Directions: Return all of the data verbatim, dropping any picture.

Pictures with short captions:
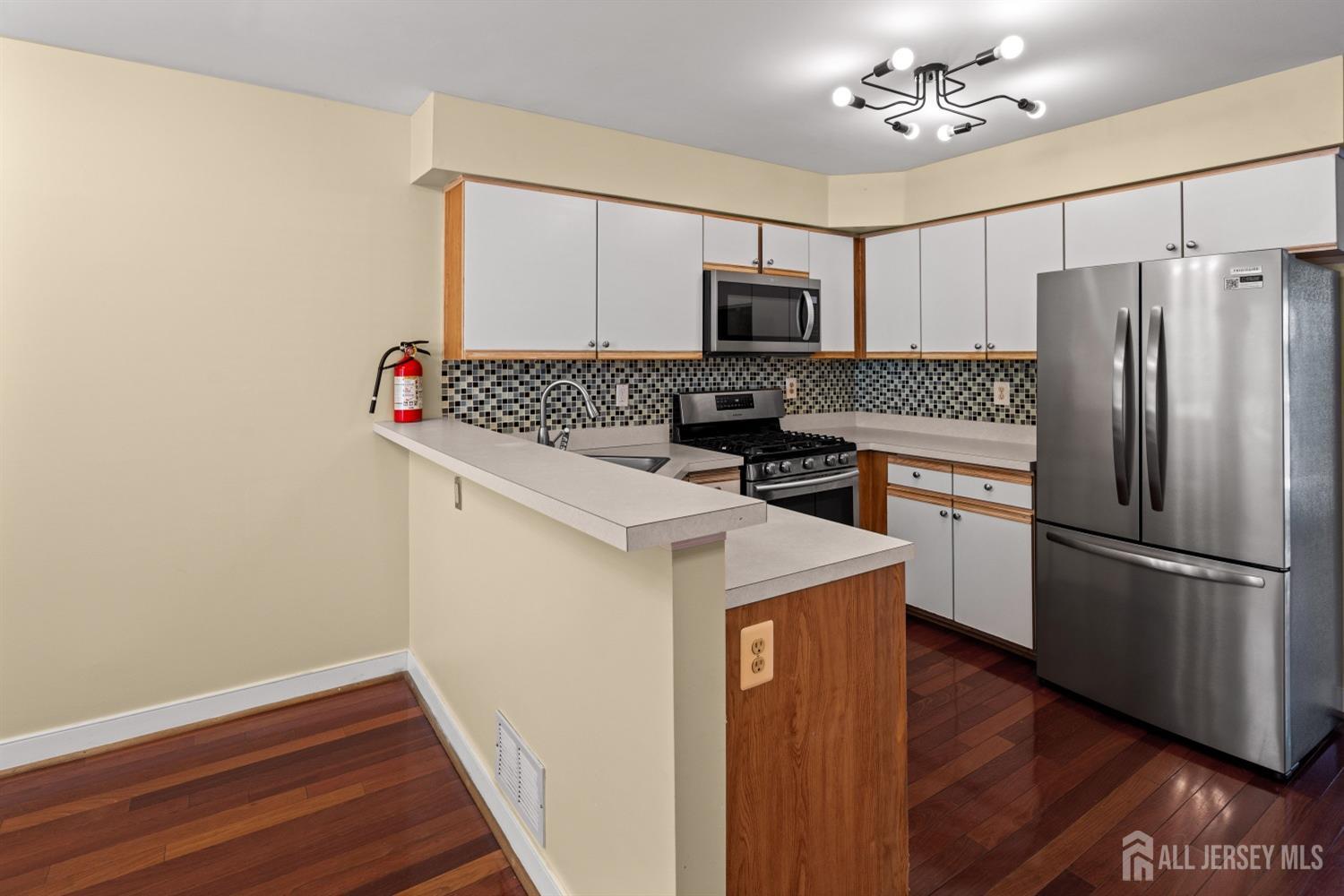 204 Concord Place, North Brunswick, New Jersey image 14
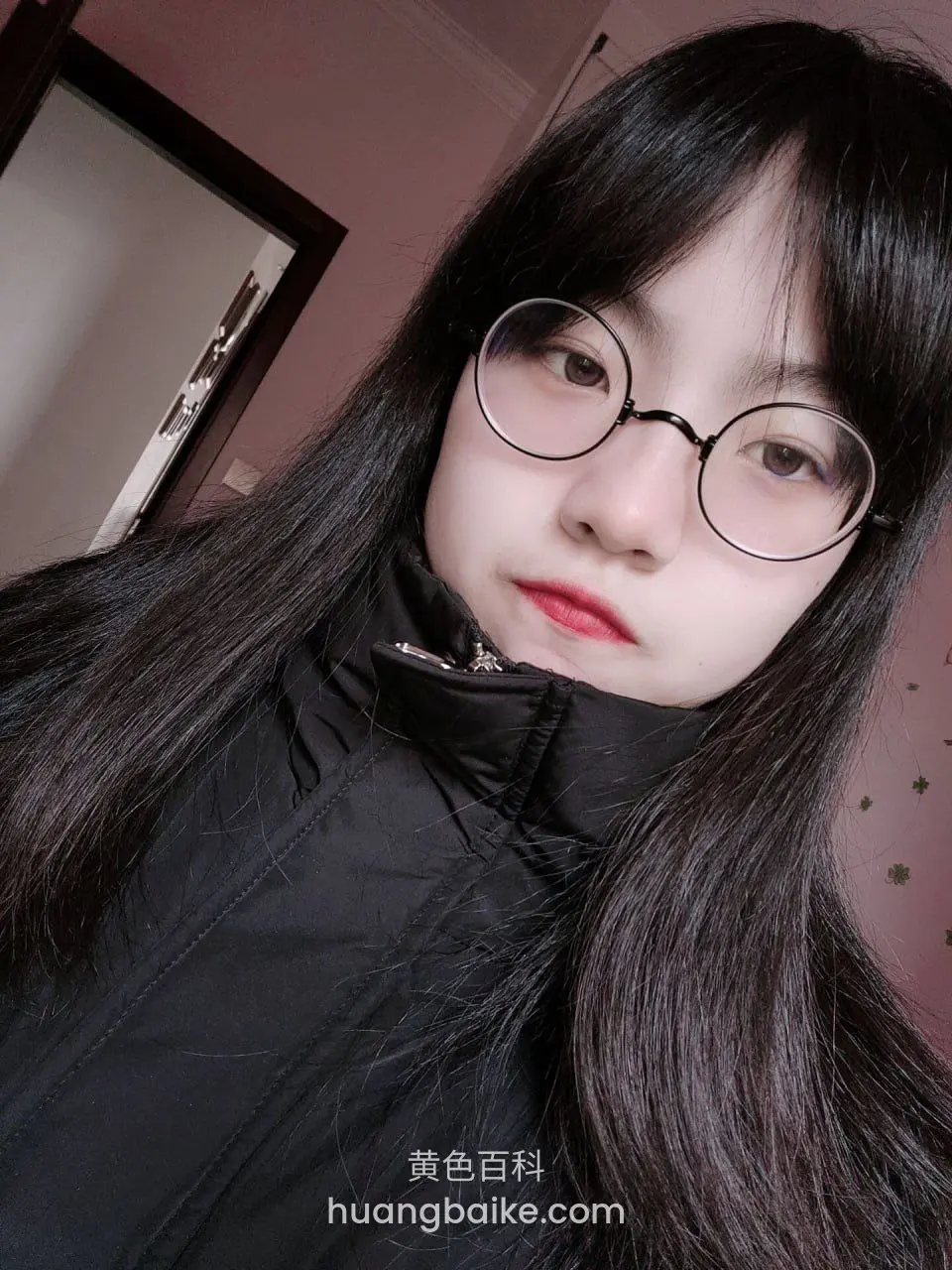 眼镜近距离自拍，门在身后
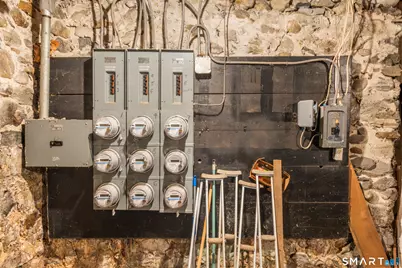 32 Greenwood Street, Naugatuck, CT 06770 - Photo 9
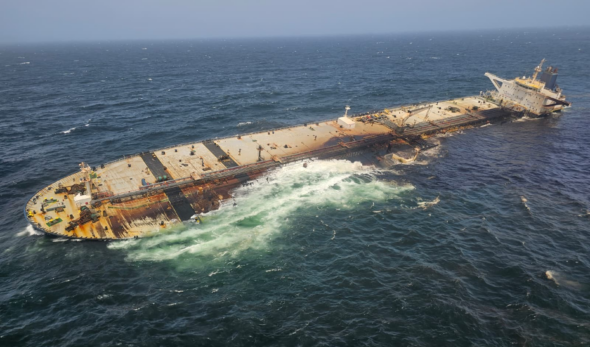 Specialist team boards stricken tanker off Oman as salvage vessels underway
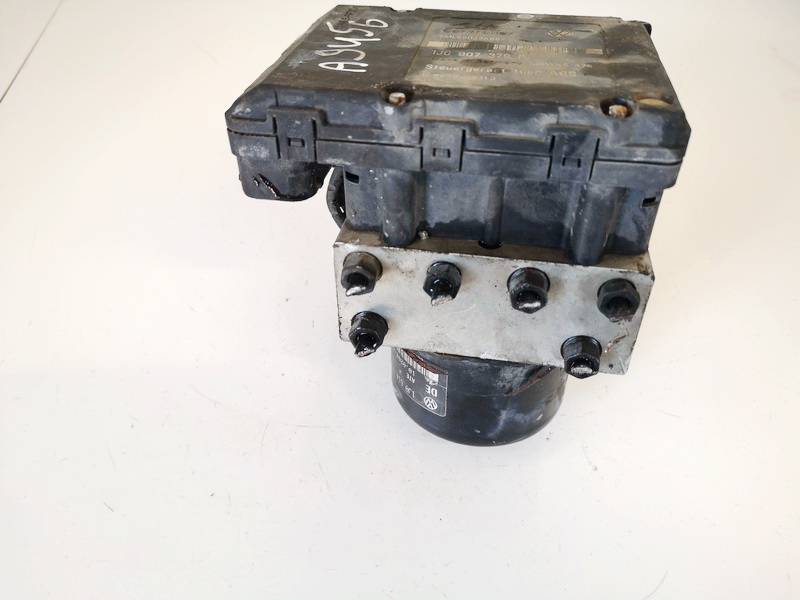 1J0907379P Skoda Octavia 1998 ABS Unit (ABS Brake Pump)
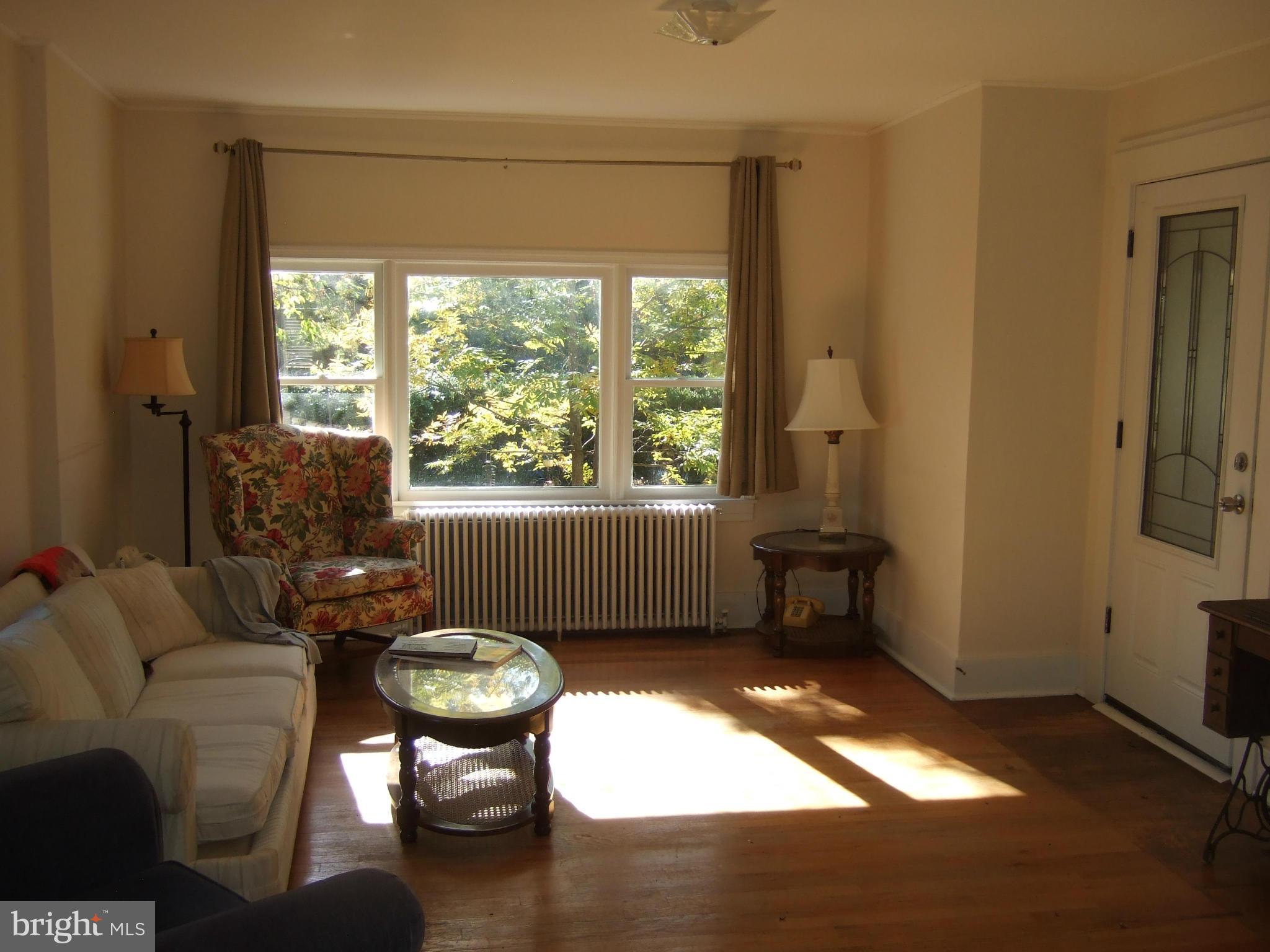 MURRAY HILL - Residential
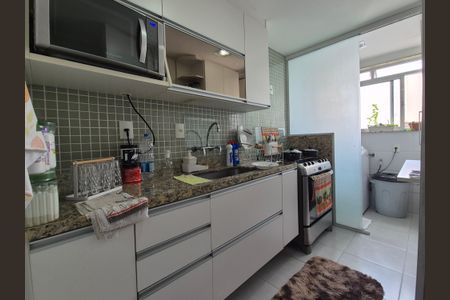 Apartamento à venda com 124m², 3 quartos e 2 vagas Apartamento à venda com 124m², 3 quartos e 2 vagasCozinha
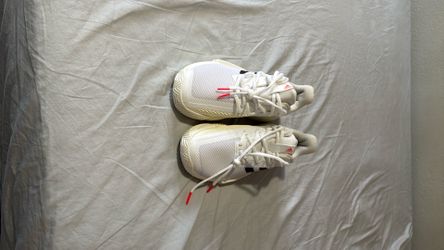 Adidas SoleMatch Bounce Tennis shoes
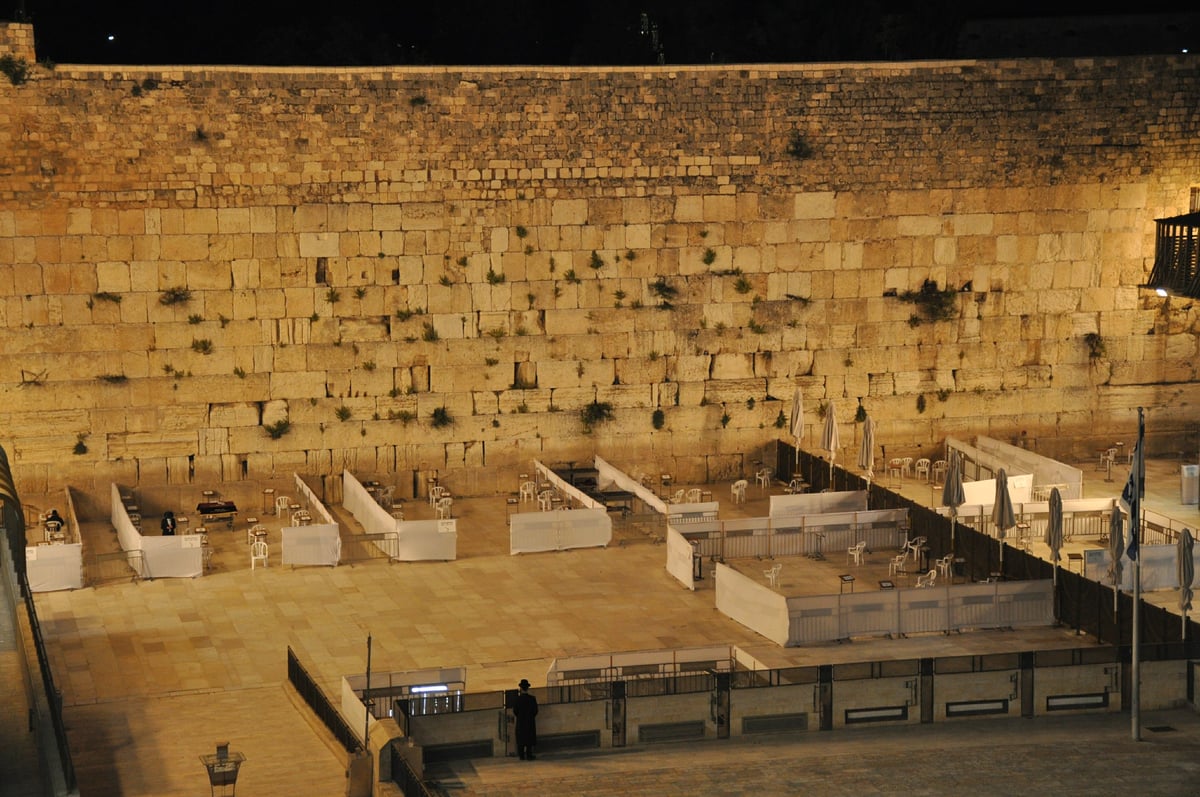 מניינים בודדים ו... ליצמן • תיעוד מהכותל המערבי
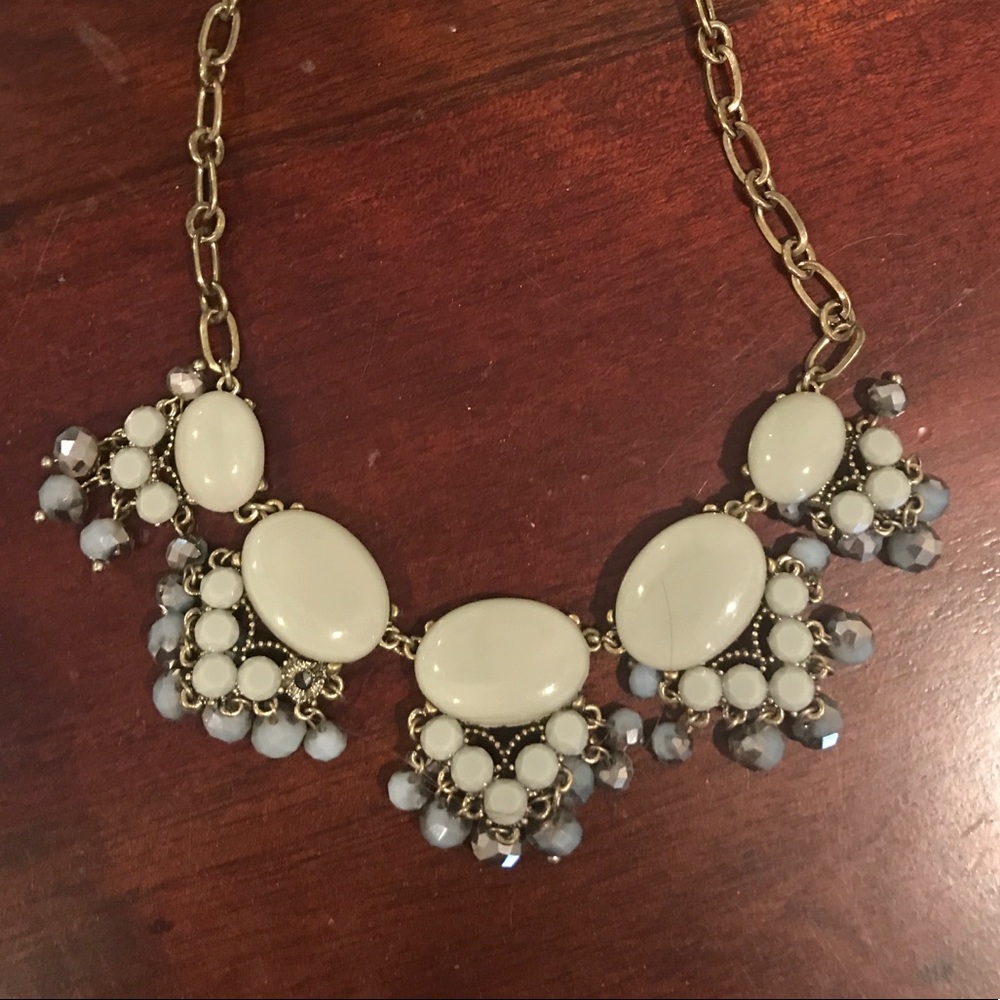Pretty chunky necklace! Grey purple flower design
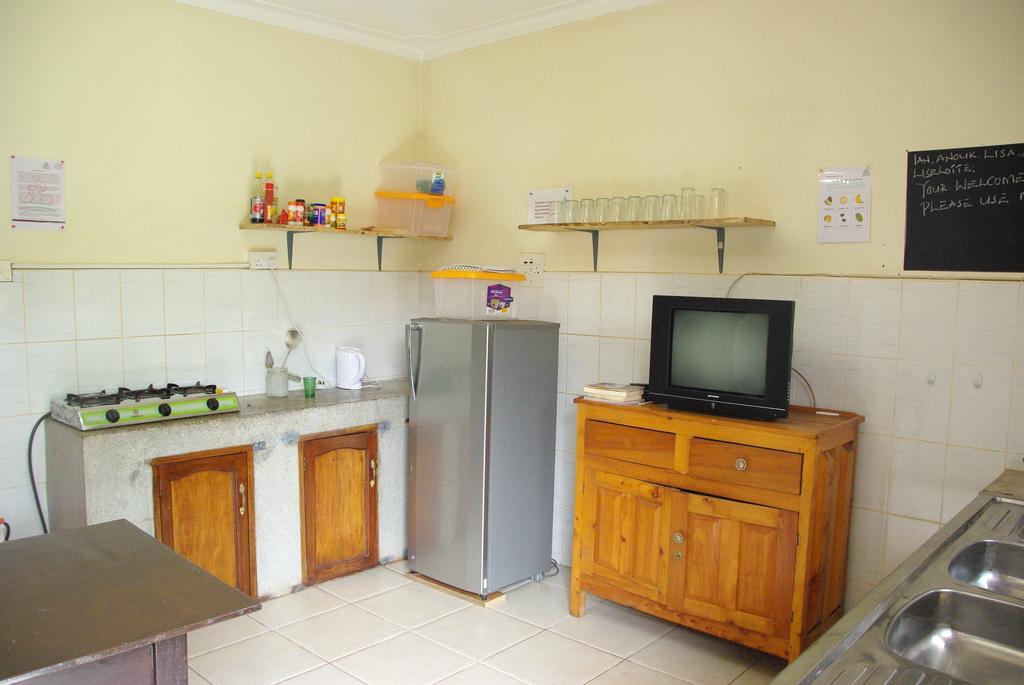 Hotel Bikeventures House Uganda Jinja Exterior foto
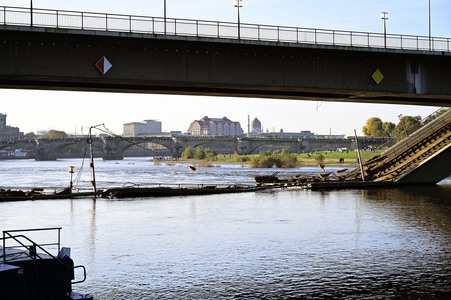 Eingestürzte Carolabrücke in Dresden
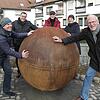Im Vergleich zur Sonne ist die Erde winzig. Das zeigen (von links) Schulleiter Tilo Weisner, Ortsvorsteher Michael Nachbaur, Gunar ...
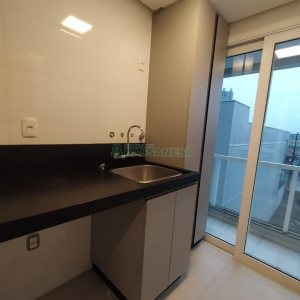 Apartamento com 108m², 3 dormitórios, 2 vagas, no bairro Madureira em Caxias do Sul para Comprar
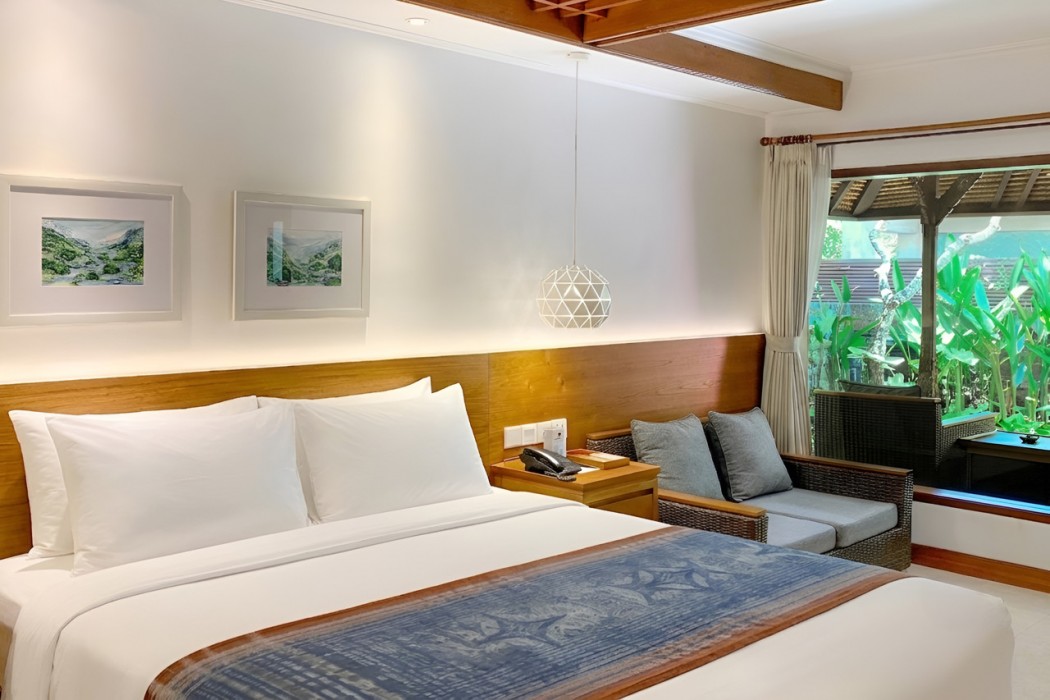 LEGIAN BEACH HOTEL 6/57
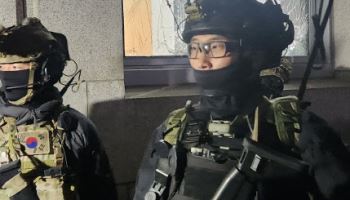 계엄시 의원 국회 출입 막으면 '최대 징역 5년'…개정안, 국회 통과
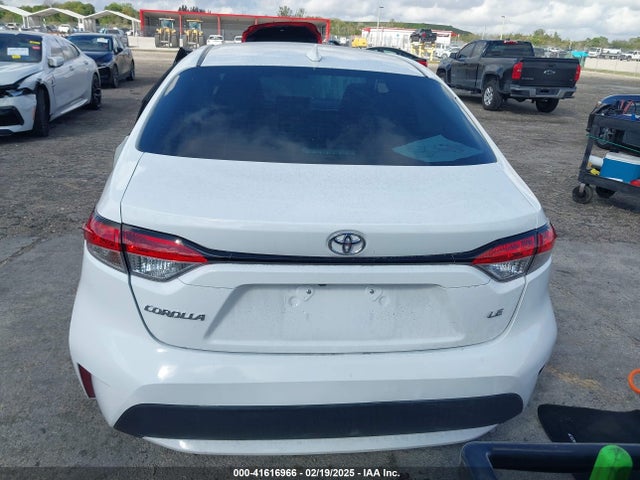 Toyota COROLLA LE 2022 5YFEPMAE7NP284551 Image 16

Written response:
 204 Concord Place, North Brunswick, New Jersey image 14
 眼镜近距离自拍，门在身后
 32 Greenwood Street, Naugatuck, CT 06770 - Photo 9
 Specialist team boards stricken tanker off Oman as salvage vessels underway
 1J0907379P Skoda Octavia 1998 ABS Unit (ABS Brake Pump)
 MURRAY HILL - Residential
 Apartamento à venda com 124m², 3 quartos e 2 vagas Apartamento à venda com 124m², 3 quartos e 2 vagasCozinha
 Adidas SoleMatch Bounce Tennis shoes
 מניינים בודדים ו... ליצמן • תיעוד מהכותל המערבי
Pretty chunky necklace! Grey purple flower design
 Hotel Bikeventures House Uganda Jinja Exterior foto
 Eingestürzte Carolabrücke in Dresden
Im Vergleich zur Sonne ist die Erde winzig. Das zeigen (von links) Schulleiter Tilo Weisner, Ortsvorsteher Michael Nachbaur, Gunar ...
 Apartamento com 108m², 3 dormitórios, 2 vagas, no bairro Madureira em Caxias do Sul para Comprar
 LEGIAN BEACH HOTEL 6/57
 계엄시 의원 국회 출입 막으면 '최대 징역 5년'…개정안, 국회 통과
 Toyota COROLLA LE 2022 5YFEPMAE7NP284551 Image 16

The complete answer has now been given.